Windstream is bullish on its 100G long-haul network prospects for both enterprise and carrier customers, so much so that it has set forth a plan to add more fiber routes and entrance points to the network by the end of the year.
Taking a leverage-and-extend approach with its existing fiber network, Tony Thomas, president, CEO and director of Windstream, told investors during the second-quarter earnings call that the company is currently enhancing its 100G long-haul network to gain more facilities based revenues.
"Within the Carrier unit we are expanding our 100-gig cable long-haul network to drive sales and improve efficiency," Thomas said during the earnings call, according to a Seeking Alpha transcript. "We are leveraging our existing fiber network to add high demand routes and connect existing routes and will have added almost 20,000 route miles and nearly 50 new carrier access points by the end of 2015."

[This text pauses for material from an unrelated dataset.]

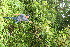  ( - BioBot11313)  @11 [ ] CreativeCommons - Attribution Non-Commercial Share-Alike (2010) Daniel H. Janzen Guanacaste Dry Forest Conservation Fund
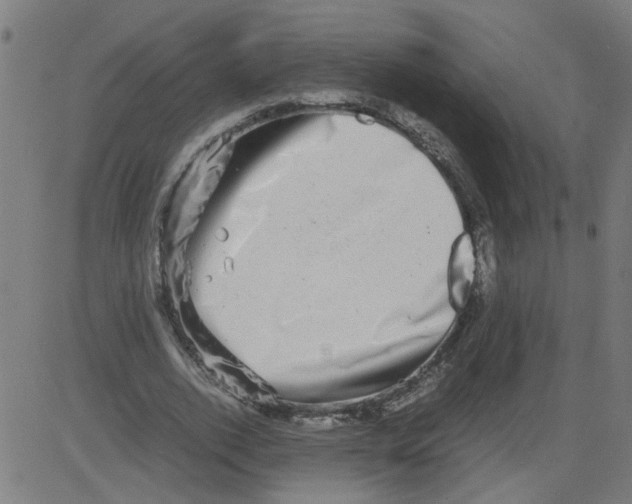 X0000081430728200702092159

Another area where the 100G and network expansion is going to help carrier revenues will be in the wireless backhaul arena.
Like other independent wireline-centric telcos such as Lumos, Windstream continues to work through the TDM-to-IP growing pains as more of its wireless customers shut down TDM circuits. To counteract the TDM grooming issue, Windstream is building up its IP-based wireless backhaul business, adding fiber to 5,000 new towers.
"We continue to grow wireless Ethernet revenue as the bandwidth needs increase across our 5,000 towers," said Thomas.
These efforts were reflected in its second-quarter 2015 carrier unit results. Excluding legacy wireless TDM, the Carrier business generated revenue of $156 million, up year-over-year due to growth in Ethernet sales, wholesale revenues and improving sales of its expanded long-haul express network.
Bob Gunderman, CFO of Windstream said during the earnings call that "the remaining $16 million of revenue is from legacy wireless TDM circuits," and that this "revenue just climbed significantly which was in line with our expectations due to wireless carrier migrations from TDM technology to fiber."
Gunderman expects that as wireless operators see consumer demand for higher speed data services like over the top video being touted by AT&T Mobility (NYSE: T), Verizon Wireless (NYSE: VZ) and others, Ethernet-based backhaul will rise, mitigating ongoing revenue pressure from TDM to IP migrations.
"As mobile data growth continues, we expect continued growth in wireless Ethernet revenue as bandwidth requirements necessitate regular migrations to higher speed tiers," Gunderman said. "We're also making progress on project WINterstate to expand our long -haul carrier network and increase sales opportunities. Investments in these key growth areas will mitigate pressure from TDM migrations in the back half of the year."